To be clear ... if this becomes a show-stopper issue for my team and I can't find an easier solution, I will archive all new commits to this repo, re-migrate it, and re-apply all new commits. But I don't want to do that if I don't absolutely have to. That's days of time down the drain. There's gotta be a way to delete this ... right?
Upvotes: 1
Views: 106
Reputation: 489708
Unfortunately, no existing commit can ever be changed. Fixing this means rewriting history, e.g., using git filter-repo
(the newfangled thing that replaces the oldfangled git filter-branch
).
There's a pretty high (and clear) cost to this kind of history rewrite: everyone has to abandon the original repository, and all of its clones, in favor of the new rewritten repository. So if you can live with the bad commit continuing to exist, you might want to do that. On the other hand, the "fix the repository" thing is a one-time flag-day.

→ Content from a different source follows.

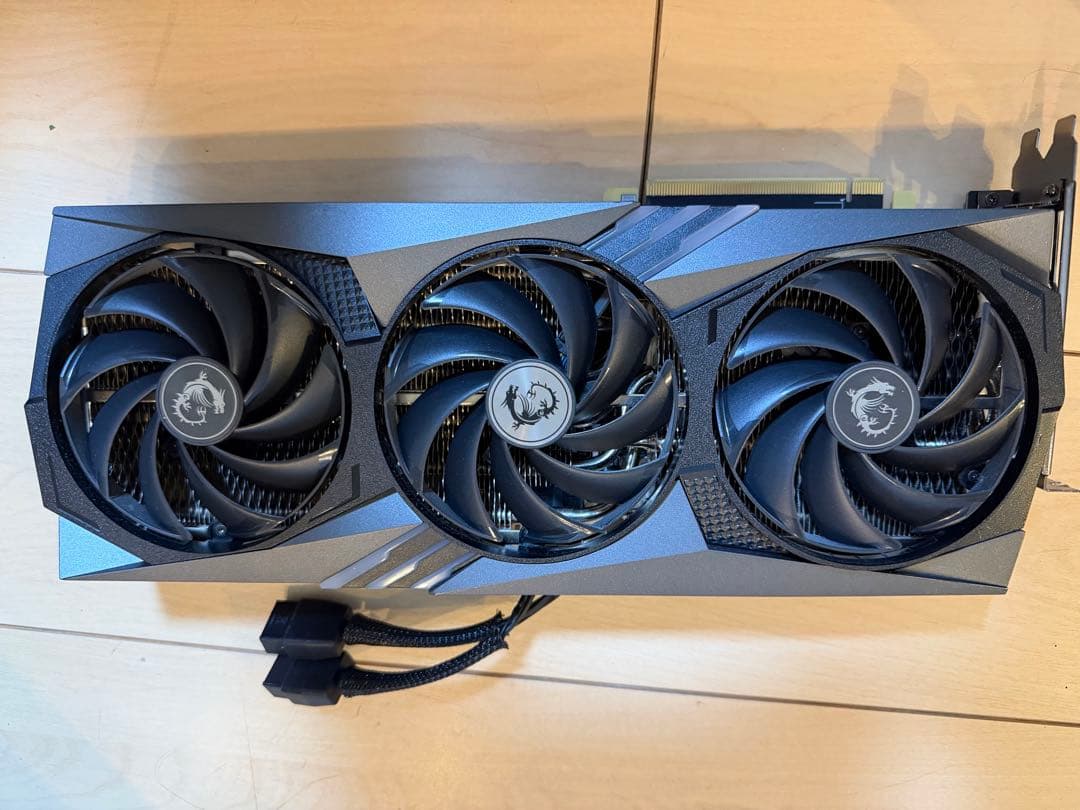 【美品】MSI GeForce RTX 4070 Gaming X Trio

You can clone the repository without checking out the "bad" commit, then make a new "good" commit that's basically the bad commit minus the .git
directory, with the parent being the "bad" commit at the tip of the old branch, and make the branch name select the new good commit. Actually achieving the new good commit is a bit of an exercise in frustration since you'll need to extract the bad commit without extracting the bad commit. I'd poke around with git archive
and maybe even git fast-export
here, and if all else fails, build a hacked up Git that has the "bad directory .git
" checking snipped out, so that you can run hacked-git checkout
to check out the bad commit, then git rm -r MPC/.git
and git commit
(or hacked-git
if/as needed for the git rm
step, depending on whether the code triggers here).